In an interview for The House magazine, Lib Dem Lords leader Dick Newby has said that support in the Lords is growing for a referendum on the Brexit deal. However, he says that even if that amendment is lost, the campaign for the people, not MPs or the Government, to have a final say on the deal, will continue:

But the fight for a second vote will not stop once Article 50 has been triggered, Newby insists. Indeed, “it’s just the beginning”, he adds, saying the Great Repeal Bill and other Brexit legislation could be amended. In the meantime, the Lib Dems will be campaigning across the country arguing the case for a do over.

Newby says it would be “implausible” for MPs not to grant a second referendum if public opinion shifts in favour of Remain in the coming months. Parliament bequeathed the decision on EU membership to the public once, why would it prevent it again, he queries.

“We will look at every opportunity to get this provision for a vote of the people at the end,” he declares. But are Tony Blair, who has called on Remainers to “rise up” against Brexit, peers et al the right figureheads of this movement? “I think that everybody involved in public life has a right to make the argument, but this is a people’s issue now… it’s not in the hands of the Commons.”

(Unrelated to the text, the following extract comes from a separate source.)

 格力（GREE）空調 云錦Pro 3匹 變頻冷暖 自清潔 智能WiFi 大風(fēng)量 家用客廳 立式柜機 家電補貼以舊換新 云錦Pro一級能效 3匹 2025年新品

He was speaking before Monday’s vote in which an amendment calling for us to stay in the single market was lost because Labour peers were whipped to oppose it. There are still hopes that at least the right to remain for EU nationals will pass.

There has been a bit of an onslaught from the Brexiteers, predicting all manner of consequences if the Lords dares to do its job and scrutinise the Government’s legislation.  Dick says that peers won’t be overly bothered by the invective coming their way.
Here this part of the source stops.